2. LA BACILOSCOPIA
La baciloscopia es la técnica de
elección para el diagnóstico rápido
y el control de tratamiento de la
tuberculosis pulmonar.
Es simple, económica y eficiente
para detectar los casos infecciosos.
Es la herramienta fundamental de
una estrategia para el control de la
tuberculosis.
3. El envase más adecuado debe tener las siguientes características:
Boca ancha: de no menos de 50 mm de diámetro,
Capacidad entre 30 ml y 50 ml,
Cierre hermético.
Material plástico transparente, resistente a roturas
MUESTRA DE ESPUTO
4. NÚMERO DE MUESTRAS Y EL MOMENTO DE LA RECOLECCIÓN
Para diagnóstico:
Es conveniente analizar más de una muestra de cada
SR.
Los organismos internacionales recomiendan la
obtención de dos muestras por SR
La primera muestra debe ser tomada siempre en el
momento de la consulta (muestra inmediata).
La segunda la debe recolectar el paciente en su casa
por la mañana al despertar (muestra matinal).
5. La muestra debe ser mucopurulenta.
La cantidad de la muestra debe ser aprox. 3 a 5 ml.
Tomar en cuenta la presencia de leucocitos o la presencia de macrófagos
indican buena calidad de esputo.
CALIDAD DE LA MUESTRA
6. RECEPCIÓN DE MUESTRA
La recepción debe ser organizada, en un lugar ventilado.

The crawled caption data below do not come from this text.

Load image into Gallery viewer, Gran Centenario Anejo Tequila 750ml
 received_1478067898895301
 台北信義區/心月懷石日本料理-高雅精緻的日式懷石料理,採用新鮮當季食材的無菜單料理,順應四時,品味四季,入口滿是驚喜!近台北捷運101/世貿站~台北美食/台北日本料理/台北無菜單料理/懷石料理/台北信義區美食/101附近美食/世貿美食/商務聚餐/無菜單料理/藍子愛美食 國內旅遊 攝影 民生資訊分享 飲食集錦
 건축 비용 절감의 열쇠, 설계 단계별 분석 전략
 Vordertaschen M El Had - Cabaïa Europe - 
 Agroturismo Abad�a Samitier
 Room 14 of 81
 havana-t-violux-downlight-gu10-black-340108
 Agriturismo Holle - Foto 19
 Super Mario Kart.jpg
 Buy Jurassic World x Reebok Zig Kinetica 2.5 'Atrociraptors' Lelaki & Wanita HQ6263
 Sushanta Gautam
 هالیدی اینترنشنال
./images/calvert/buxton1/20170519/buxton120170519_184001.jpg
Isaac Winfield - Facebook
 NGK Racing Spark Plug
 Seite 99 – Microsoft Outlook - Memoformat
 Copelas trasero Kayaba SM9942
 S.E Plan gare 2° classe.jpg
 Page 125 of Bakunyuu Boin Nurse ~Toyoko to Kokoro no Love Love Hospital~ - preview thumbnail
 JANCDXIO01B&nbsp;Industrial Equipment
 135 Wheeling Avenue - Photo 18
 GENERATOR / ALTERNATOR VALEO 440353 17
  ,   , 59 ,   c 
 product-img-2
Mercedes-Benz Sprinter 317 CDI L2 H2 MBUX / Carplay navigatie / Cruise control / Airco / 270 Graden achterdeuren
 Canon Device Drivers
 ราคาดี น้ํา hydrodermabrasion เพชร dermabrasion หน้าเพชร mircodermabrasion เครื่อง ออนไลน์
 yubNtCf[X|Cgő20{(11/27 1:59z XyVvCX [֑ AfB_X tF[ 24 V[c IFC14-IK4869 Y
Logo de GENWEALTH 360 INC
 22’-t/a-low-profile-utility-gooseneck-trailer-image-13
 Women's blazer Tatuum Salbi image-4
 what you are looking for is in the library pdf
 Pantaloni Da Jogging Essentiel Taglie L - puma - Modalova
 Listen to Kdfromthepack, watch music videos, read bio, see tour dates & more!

Debe ser ágil (paciente no espere).
Envases estén bien identificados y cerrados herméticamente.
Verificar que estén con el formulario de solicitud bacteriológica.
Observar la calidad de la muestra a través de las paredes.
Ubicar los envases dentro de cajas transportadoras.
7. Proteger la muestra del calor y de la luz
solar.
Las muestras deben ser conservadas en
refrigeración (2 -8 °C).
CONSERVACIÓN DE LA MUESTRA
8. • Lavarse las manos y colocarse el EPP.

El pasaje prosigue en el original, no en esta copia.